In the listing below, the lines starting at the line with "VEKA FD-8099 |" and ending at the line with "iPhone 16 Pro" are to be output verbatim. Images stay out of the copy.

### Supplied information
++++
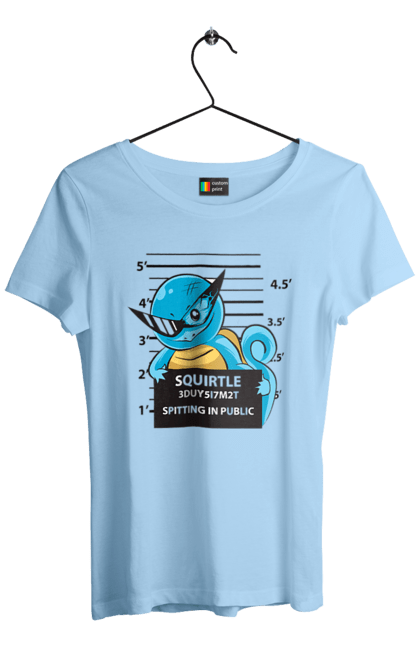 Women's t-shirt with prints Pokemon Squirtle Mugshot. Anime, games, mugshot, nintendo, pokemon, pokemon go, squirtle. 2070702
++++
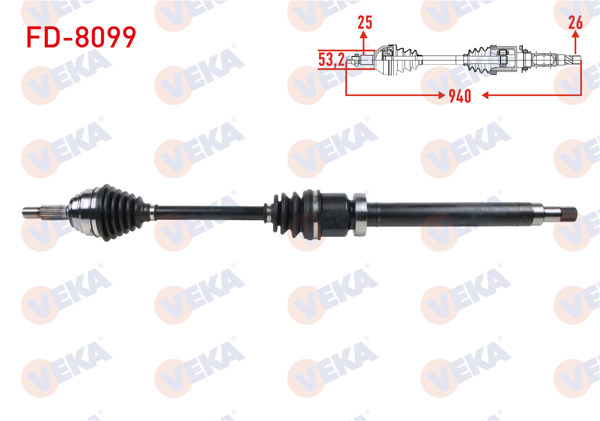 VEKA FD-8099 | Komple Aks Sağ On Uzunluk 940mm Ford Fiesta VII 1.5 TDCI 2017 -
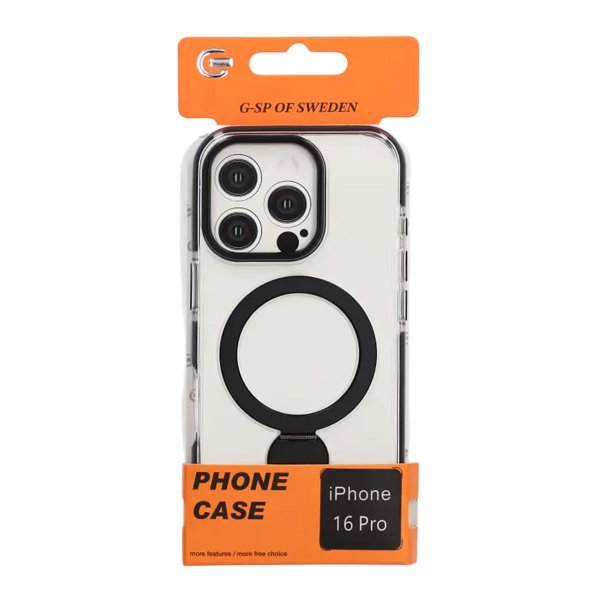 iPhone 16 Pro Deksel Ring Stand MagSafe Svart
++++
### Answer
 VEKA FD-8099 | Komple Aks Sağ On Uzunluk 940mm Ford Fiesta VII 1.5 TDCI 2017 -
 iPhone 16 Pro Deksel Ring Stand MagSafe Svart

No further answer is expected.